Details have emerged about a serious data breach by a federal government contractor. 

Reports say that the Department of Home Affairs (DHA) became aware of a breach in September last year when its cybersecurity unit detected documents had been sent externally.

The DHA contractor is alleged to have removed the “classified” status from files relating to 500 departmental projects and forwarded them to his personal email address, scrubbing the classification ratings so his actions did not trigger an internal departmental alert system.

Any kind of alteration to Commonwealth records without approval is a breach of the Commonwealth Crimes Act and a breach of the Department of Home Affairs' internal security instructions.
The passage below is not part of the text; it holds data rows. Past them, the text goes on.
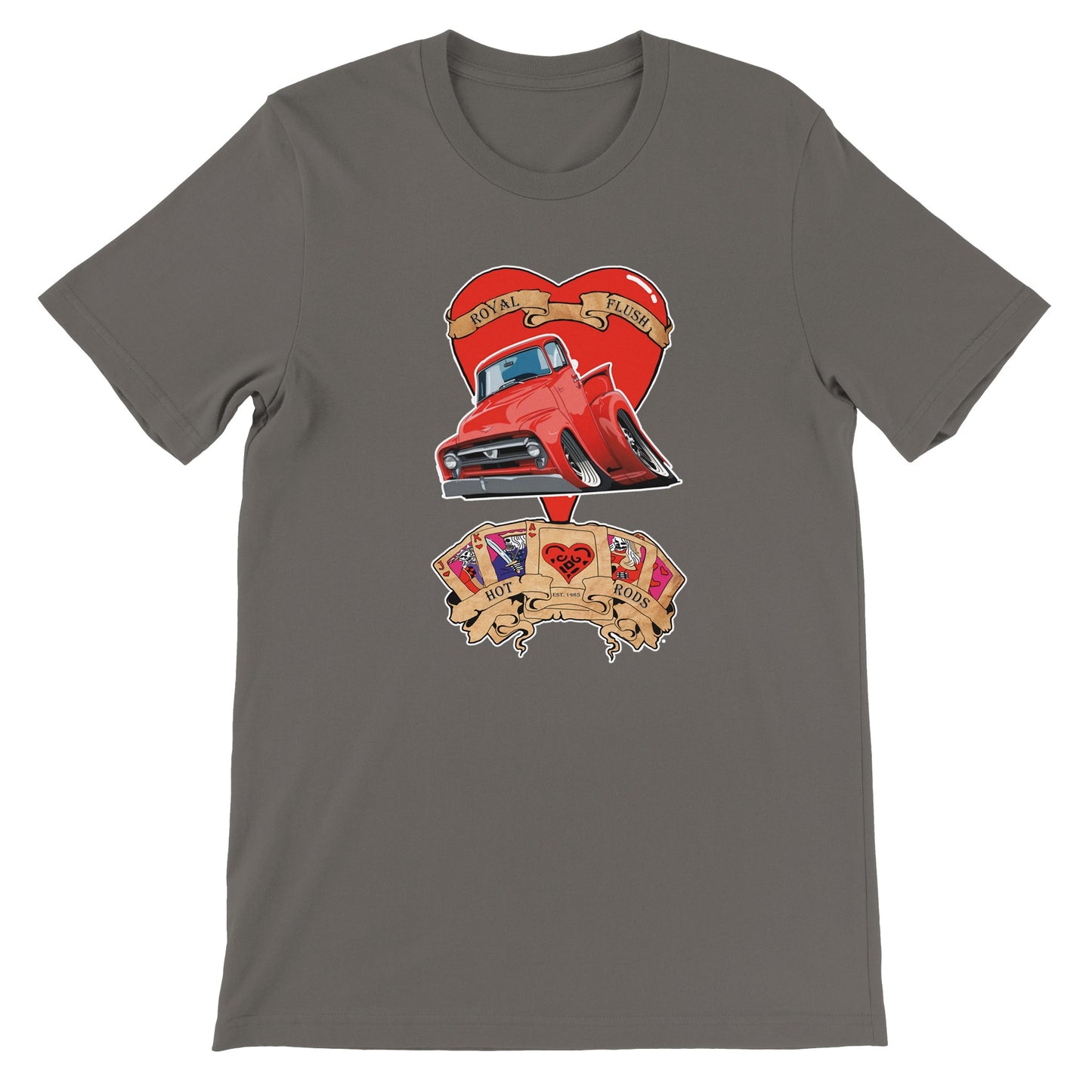 Premium Unisex Crewneck T-shirt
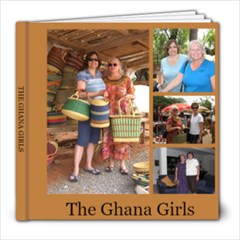 The Ghana Girls - 8x8 Photo Book (20 pages)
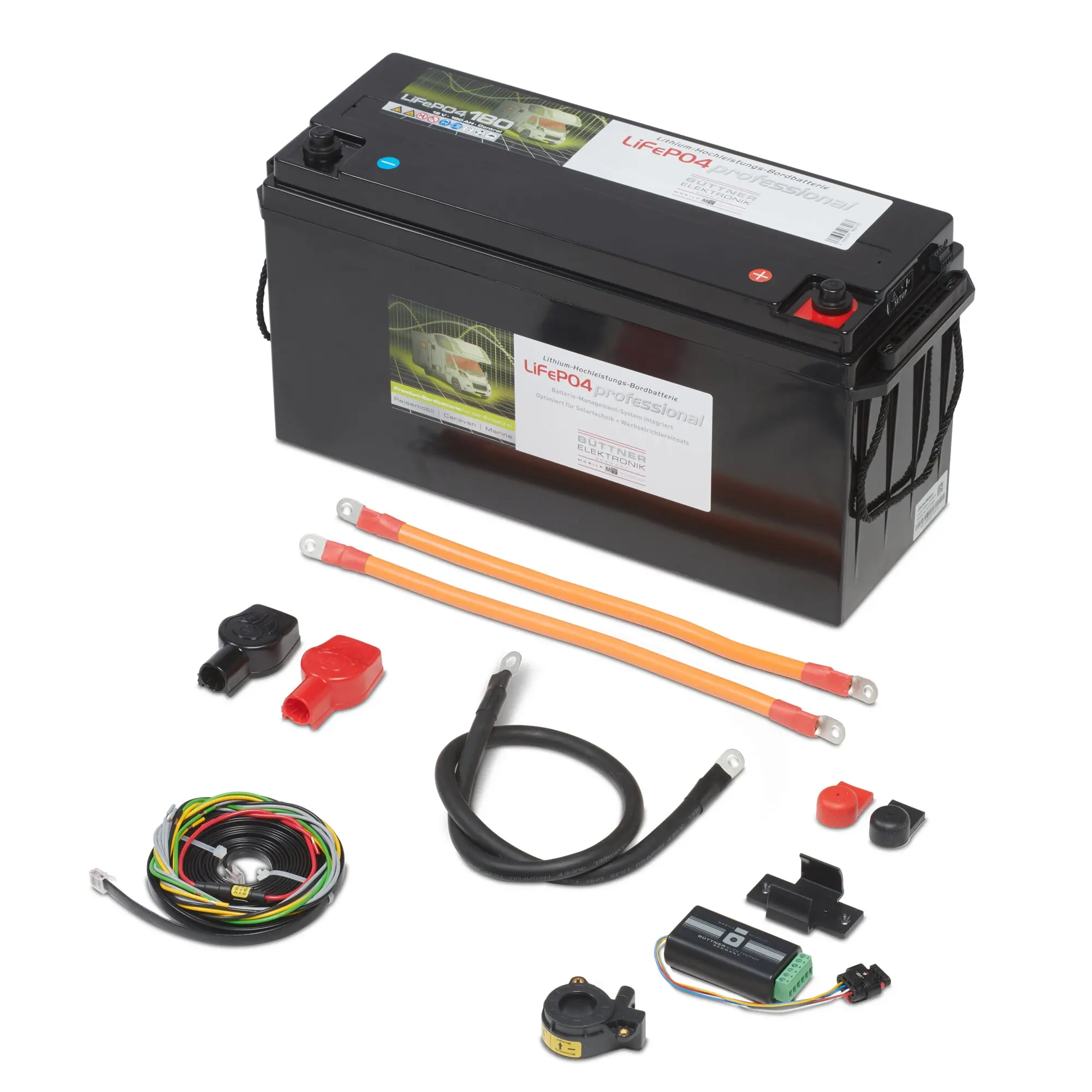 Lithium Batterie PowerUnit, 180 Ah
The man allegedly held a NV1 (negative vetting level 1) security clearance, so was allowed to view secret documents and have temporary, supervised access to top-secret information.

The unauthorised activity may have taken place as early as 2020 and ran until the man's contract ceased in June 2021. He was involved in projects across the Home Affairs portfolio, including Australian Border Force data.

A former colleague has told reporters that the contractor was brought back for a meeting with the department's intelligence branch, which resulted in him agreeing not to take on further projects with the department.

But he was subsequently able to pick up more contract work with another large federal government department. 

No formal intelligence breaches were recorded by Home Affairs last year, but it is unclear whether the classified information was passed on to third parties.